One should be careful not to speak of matters not relating to the meal until he has eaten the sandwich, so that the blessings of "Achilas Matzah" and "Achilas Maror" can apply to it without any question or doubt, for since Hillel stated that this is in fact the Seder obligation [of Matzah and Maror] the sandwich itself should be the item the blessings are recited over." However, if one did talk he need not recite the blessings again, since the entire matter is in a state of legal doubt. Moreover, even Hillel's ruling would only apply when the Temple stood, which means that today the biblical obligation would not apply, which would result in the Matzah nullifying the Maror, as I have previously noted. (See further in the Taz, comment 7, which requires additional study. Attend to the sources and you will find the matter as explained).

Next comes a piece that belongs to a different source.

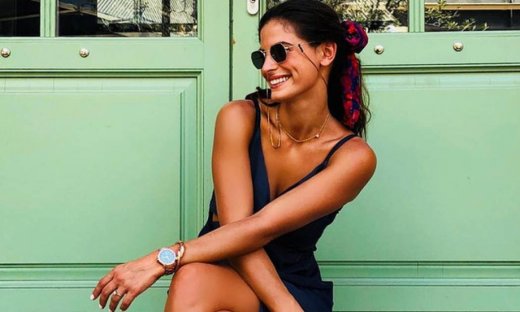 Tropical beauty: Η Χριστίνα Μπόμπα στην πιο καλοκαιρινή και sexy της εμφάνιση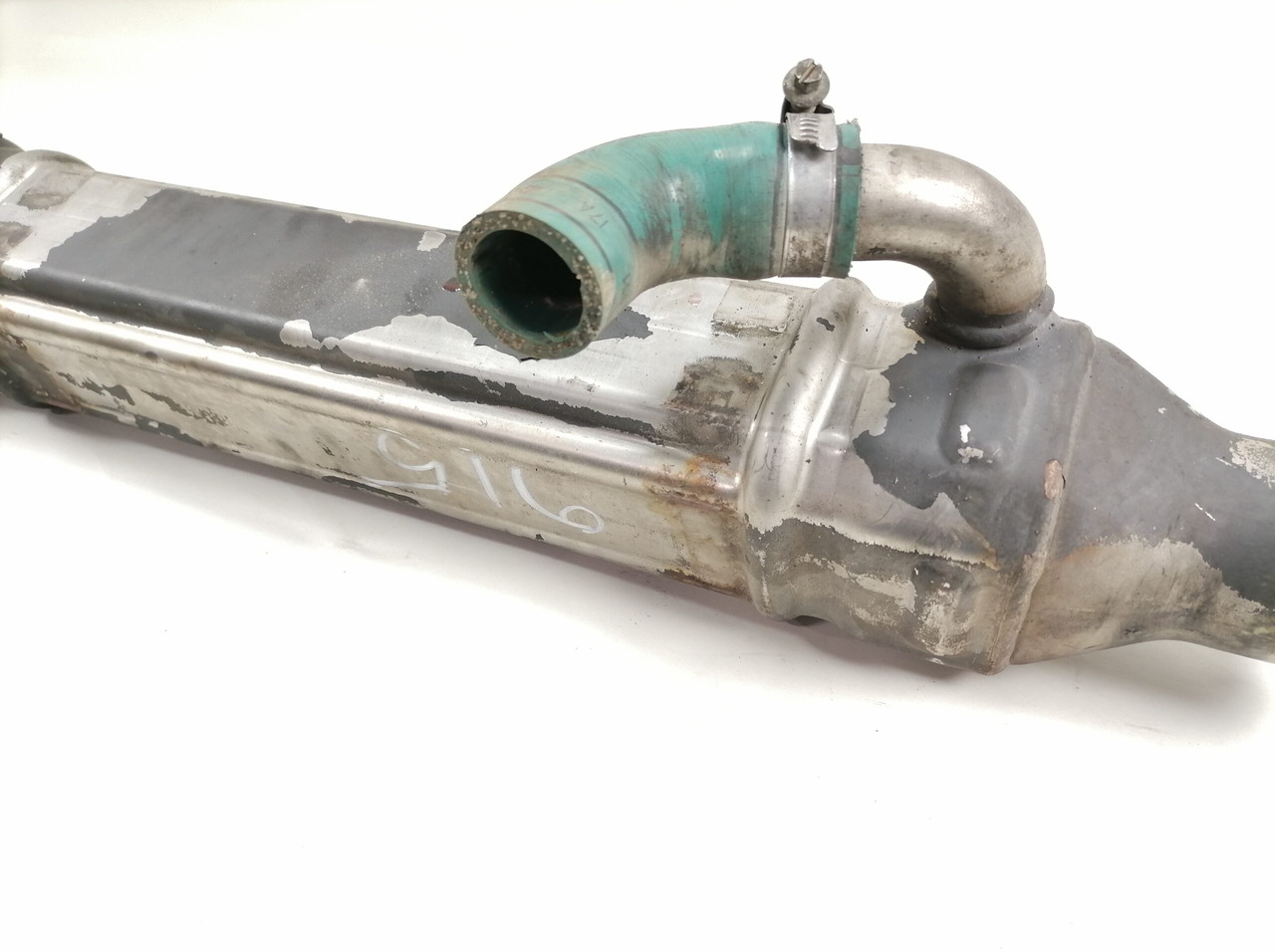 Scania EGR cooler 1795704 - EGR hűtő - Teherautó: 4 kép. Scania EGR cooler 1795704 - EGR hűtő - Teherautó: 4 kép.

Such is the language of the Rambam in chapter 8, law 6:
"Afterward, the blessing on washing the hands ('Al Netilas Yadayim') is recited... then the Matzah and Maror are wrapped as one and dipped in Charoses. One then recites 'Blessed...Who sanctified us with his commandments, and commanded us on eating the Matzas and Marors'. He then eats them. If one eats the Matzah and Maror separately he recites a blessing on each separately. After that one recites the blessing 'Blessed...Who sanctified us with his commandments, and commanded us regarding the eating of the sacrifice', after which he eats from the 'Chagiga of the fourteenth [day]' first. Then he recites 'Blessed...Who sanctified us with his commandments, and commanded us regarding the eating of the Pesach [sacrifice], at which point he eats from the Pesach sacrifice itself. The blessing over the Pesach cannot cover the Chagiga, and the blessing over the Chagiga cannot cover the Pesach.
Nowadays, when there is no sacrificial service, after the blessing of 'Hamotzee' one recites 'Al Achilas Matzah', dips the Matzah in Chroses and eats. Then 'Al Achilas Maror' is recited, it too is dipped in the Charoses and eaten. This is the Mitzvah enacted by the Sofrim. The Matzah and Maror are then wrapped together, dipped in Charoses, and eaten without a blessing, as a commemoration of the practice when the Temple stood."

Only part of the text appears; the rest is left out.